Thursday, June 30, 2016

The Second Age of Enlightenment

How technology, culture and society need to find a new harmony

Remember the Industrial Revolution?  OK, maybe not but it was in the late 18th century that the concepts of technology, culture and society began to be inextricably linked and have remained so ever since.  The Industrial Revolution was a time of incredible technical discovery and innovation, heralding a shift from agriculture and artisan craftsmanship to mass production.  But it also transformed society, driving the establishment of the major cities we know today, making old jobs redundant and creating new ones.  But equally it changed culture, with the birth of a new generation of art, literature, philosophy and the new political ideologies of liberty, fraternity and democracy.  It was during the Industrial Revolution that we reinvented the concept of how the world works and our individual and collective roles and responsibilities, in it. 

We now refer to the Industrial Revolution and the movements that arose from it as the dawn of the Age of Enlightenment, one in which technology, culture and society found a new kind of harmony.

The same principles still apply today.  For a new technology to succeed it must of course have a practical purpose, to solve a problem and be useful.  It must serve a cultural purpose in that it contributes to our shared ideas, language, rituals, beliefs and behaviours. And it must serve a social purpose in that it must make the world a better place in some way and have a benefit beyond just the individual user.

Let’s take the iPhone, which solved a problem we didn’t even know we had.  Before iPhones we didn’t know that we’d rather have a computer in our pockets than a telephone, but it was perfectly obvious after the fact.  Similarly, it never occurred to us that 2D printing was a limitation until we saw the endless possibilities of 3D.

At the same time, the iPhone has had a profound impact on our culture and by buying an iPhone we’re not just buying an easier way to manage our day but a personal membership to the cult of excellence at the heart of Apple.  By buying Apple, we’re displaying our badge of belonging to the culture, which explains people’s passionate, often irrational, devotion to the brand.  The cultural perspective also explains why we’re so interested in technology entrepreneurs – from Elon Musk and Daniel Ek to Satya Nadella and Travis Kalanik and love the myths and legends that surround them.  The more charismatic and mysterious they are, the more culturally powerful they become.

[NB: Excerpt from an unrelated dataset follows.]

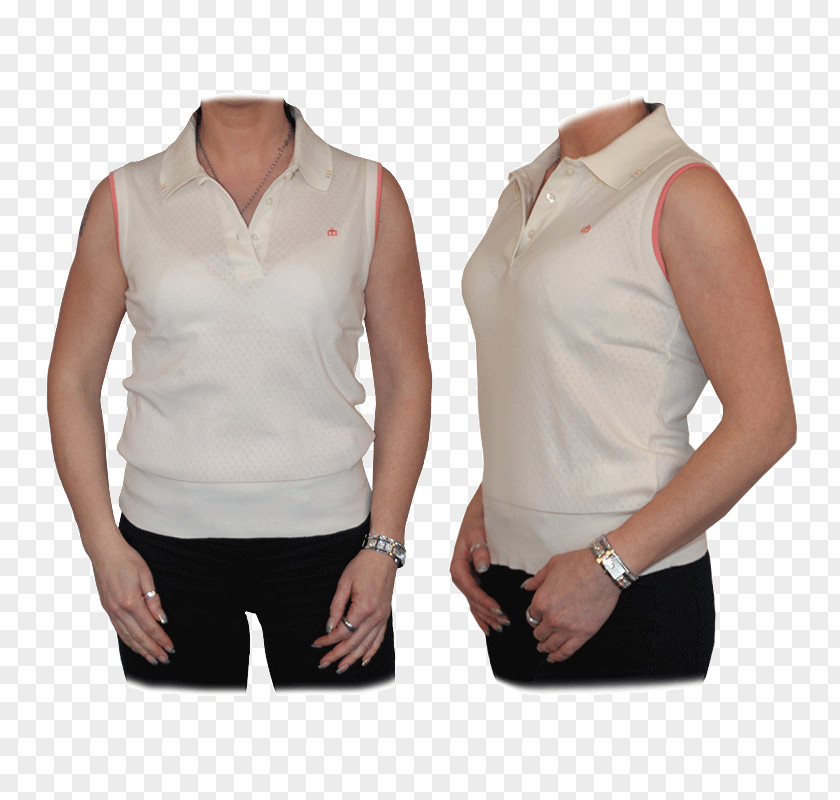 Tshirt T-shirt Gilets Sleeveless Shirt Shoulder PNG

Similarly, every successful new technology has an impact on society. It shapes how we organise ourselves as social groups, how we define our place and role in society and how we collaborate and contribute to it.  It improves how we live and work, how we connect and communicate with each other.  The advent of mobile phones gave undeveloped communities access to education, health and financial services, the connections to establish small businesses and, more recently, a lifeline for refugees on their perilous journeys to safety.   Take Twitter, and the way it has created a culture of ‘everyone’s entitled to my opinions’.  To many people, ‘society’ means the Twitter community and if they want to know what the world is thinking, that’s who they ask.

At the same time, both culture and society drive the development and help to define the applications, of new technology.  The best new technologies arise from our social and cultural needs, as well as our functional requirements.  Take the recent PayPal advertising campaign: New money.  The campaign doesn’t ask us to open a PayPal account so we can pay for things more conveniently, it’s inviting us to join a movement and show the Old Money who’s boss now.  Similarly, products such as noise-cancelling headphones play to our sense of social obligation as well as our individual needs and give our fellow commuters, as well as ourselves, privacy and peace.

Disruptive innovators such as Uber and AirBNB have arguably succeeded because they solve a problem – in Uber’s case that of replacing the uncertainty of the meter and the complexities of the tariff, with the certainty of a fixed fare paid via PayPal and a driver you could plot on a map.  But what Uber and other brands in the Sharing Economy have really enabled through their technology is a new form of social culture.

The balance of power is more equal than in a black cab, we’re not just a passenger, we’re an investor in a social enterprise. We like the way we’re catching a ride with an enterprising car-owner than a slave to the Knowledge. We could be an Uber driver or an AirBNB owner whereas we’re very unlikely ever to be a black cab driver or a hotelier. AirBNB and Uber simply provide the platform and the process, it’s up to all of us to provide the people.

When Cisco refers to a digitized world of connected people and devices as the Second Industrial Revolution, what it’s really referring to is a Second Age of Enlightenment in which technology, culture and society are not only interlinked but inseparable.  This is an era in which technical connectivity brings with it social and cultural connectivity and productivity. This is an era in which the concept of a ‘digital detox’ as a way of purifying your social and cultural soul, finding ‘ true’ intimacy and ‘real’ rituals and behavioural norms is an outdated concept.  A digitized society isn’t a new world, it’s the real world.